Entre cette tentative amorcée (et avortée) de philosophie de l’histoire, et la méditation de la maturité sur le devenir individuel du sujet existant se situe donc un moment de transition – de crise ? – où le regard va pour ainsi dire pivoter, glissant peu à peu d’une perspective à l’autre. Les deux problématiques, celle qui s’efface et celle qui s’esquisse, se rencontrent et fusionnent  - brièvement.

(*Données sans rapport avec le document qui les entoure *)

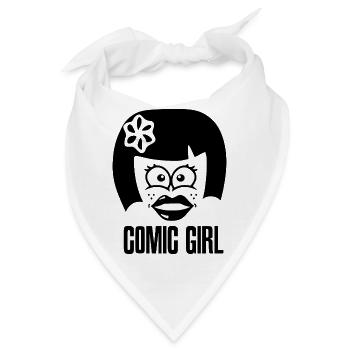 Comic Girl - Schwarz - Bandana - Weiß - Vorne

Le problème qui se pose alors pour lui  sera celui de l’articulation entre l’évolution  de l’humanité et celle de l’individu. C’est le tout problème de l’éducation. « Comment chaque individu parcourt-il l’évolution du monde ? Comment parvient-il au stade où se trouve l’humanité dans son ensemble ? (Pap. I A 248) » On peut même aller plus loin, et montrer que la question du conte tient une place  importante dans cette construction. Si en effet (comme le pense Kierkegaard) le mythe est l’un des « media » privilégiés du développement historique, si l’individu doit parcourir pour son compte tout le cycle de l’évolution humaine, il y a nécessairement dans la vie de l’enfant un moment où ce qui est nécessaire à son développement devra être communiqué sous la forme « mytho-poétique »  du récit et du conte : « L’enfant a besoin d’entendre des récits mythologiques, de bonnes histoires… ».
J P Mazens
Note
1 ) Cf. par exemple Grethe Kjaer   “Barndommens ulykkelige Elsker ; Kierkegaard om Barnet og Barndommen” (L’amant malheureux de l’enfance; Kierkegaard sur l’enfant et l’enfance) C.A. Reitzels Forlag 1986.